Let x1, x2, ..., xn be n observations. Let \[y_i = a x_i + b\] for i = 1, 2, 3, ..., n, where a and b are constants. If the mean of \[x_i 's\] is 48 and their standard deviation is 12, the mean of \[y_i 's\] is 55 and standard deviation of \[y_i 's\] is 15, the values of a and b are
Options
a = 1.25, b = −5
a = −1.25, b = 5
a = 2.5, b = −5
a = 2.5, b = 5
Solution
It is given that \[y_i = a x_i + b\] for i = 1, 2, 3, ..., n, where a and b are constants.
\[y_i = a x_i + b\]
\[ \Rightarrow \frac{\sum_{} y_i}{n} = \frac{\sum_{} \left( a x_i + b \right)}{n}\]
\[ \Rightarrow \frac{\sum_{} y_i}{n} = a\frac{\sum_{} x_i}{n} + \frac{\sum_{} b}{n}\]

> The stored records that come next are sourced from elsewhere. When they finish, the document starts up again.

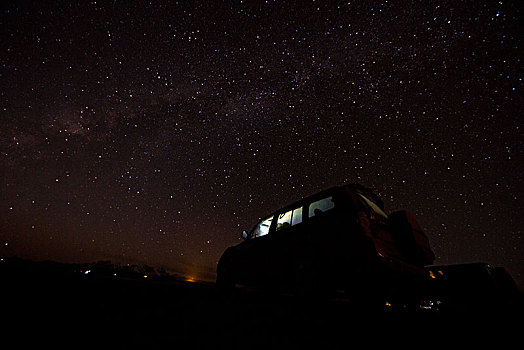 星空下的越野车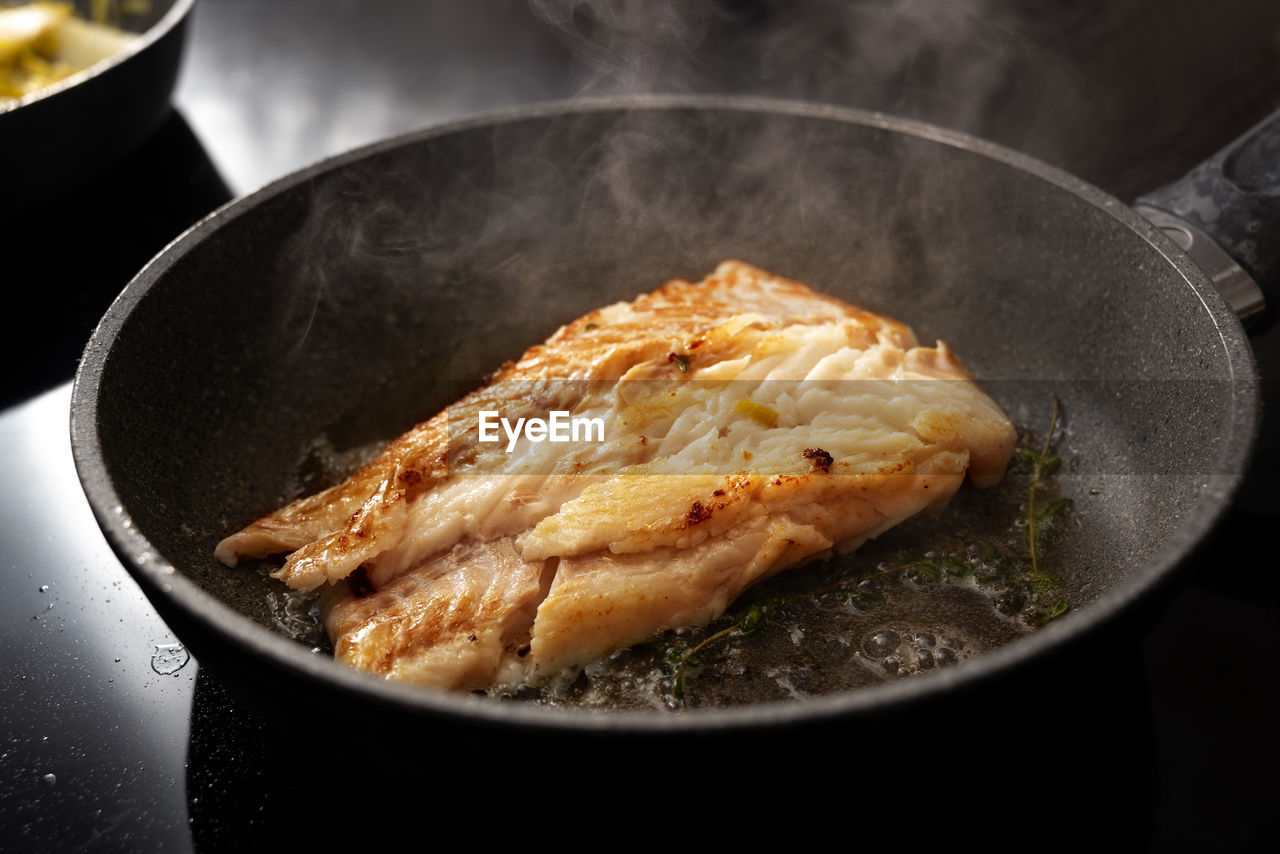 HIGH ANGLE VIEW OF FRIED MEAT IN PAN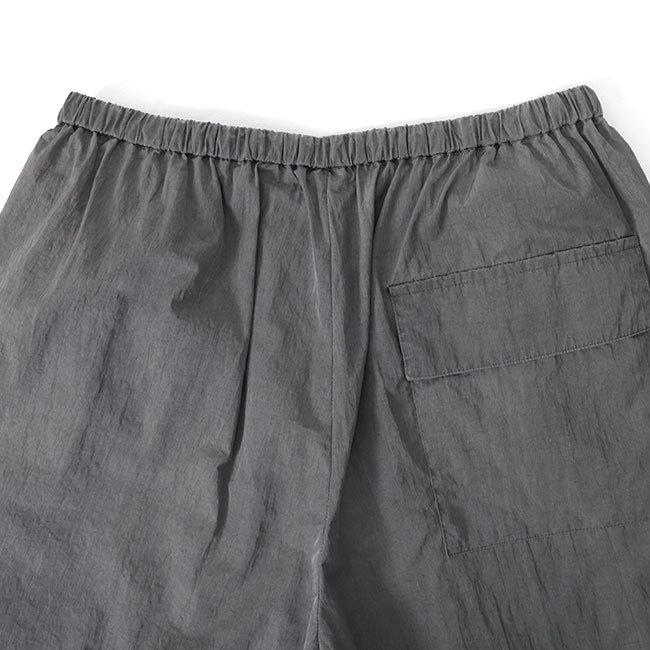 ATON ナイロンショートパンツ　グレー ATON / エイトン】STRETCH NYLON LINEN WIDE 2TUCKED SHORTS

\[ \Rightarrow y_i = a x_i + b \]
\[ \Rightarrow 55 = 48a + b . . . . . \left( 1 \right)\]
Now,
Standard deviation of yi = Standard deviation of \[a x_i + b\]
\[\Rightarrow \sigma_{y_i} = a \times \sigma_{x_i} \]
\[ \Rightarrow 15 = 12a\]
\[ \Rightarrow a = \frac{15}{12} = 1 . 25\]